19 de jul. de 2004

OPERAÇÃO TAPA -TUDO

Tome-se buraco por ausência; vácuo; vazio; lacuna. Mais que cavidade, aqui os buracos são o sinal mais latente de abandono.
A cidade anda atolada num buraco tão profundo que parece impossível medir. Até porque, há tempos que um lento e gradual processo de letargia nos acomete. Covas também são buracos. E à medida que cresce nossa insensibilidade, um tom apocalíptico ajuda a constatar que realmente, há um buraco para cada um de nós. Sem saber o que fazer, a cidade assiste impassível a metástase dos buracos, desenganada pelas autoridades. A culpa, fácil constatar, é da chuva. Precipitada por natureza, ela causou todos os males e, pior, evitou que se aplicasse logo o remédio para a cura das mazelas. Fez de vítima todos nós aqui, lá no interior, mais perto do que a gente podia imaginar. Precipitação combinada com falha na fundação, lá no começo, na raiz do problema. E mais um buraco preencheu de vazio a existência de milhares. Manchete de primeira do Jornal Nacional, a precipitação, a falha, o buraco e a tragédia fizeram parte da programação durante alguns dias. O poder público no Brasil sempre soube da importância de audiências para a resolução dos problemas, aqui, no nosso interior, não foi diferente. Nem seria diferente na nossa tragédia cotidiana. Havia, antes de tudo acontecer, um plano de ação ostensiva contra a proliferação dos buracos nas principáis vias da cidade. Era a sonora e popular, Operação Tapa-Tudo que, por causa das chuvas, não pôde ser iniciada. Ainda bem. Houve tempo para percebermos que buracos maiores estavam nas nossas caras, casas e escolas. Em horário nobre, uma estatística pobre, demonstrava por A+B que nossas crianças e escolas tinham falhas terríveis, falhas na fundação, um buraco na aprendizagem, falhas na raiz de uma tragédia maior.
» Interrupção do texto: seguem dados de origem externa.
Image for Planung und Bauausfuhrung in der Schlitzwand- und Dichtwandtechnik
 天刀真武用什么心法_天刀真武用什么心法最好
Pior que qualquer buraco é a ausência. É a constatação de que nós estamos na “lanterna de um futuro que virá”. Pior é saber que a Operação Tapa-Tudo, está dando muito certo, antes mesmo de começar.
 
EXTRA
 
Existe uma coisa interessante que lembrei assim que soube que escreveria sobre buracos. Senão todo mundo, muitos sabem que a Globo, em geral, sempre deixa “deixas”, anunciando as trilhas sonoras de suas novelas. Assim, se formou uma geração de pessoas que decoravam sempre partes de canções de muito sucesso. É o que a gente pode nomear, aqui na brincadeira, de One Part Hit. Essas “deixas” servem para tapar os buracos proporcionados pelos espaços comerciais e as chamadas dos programas.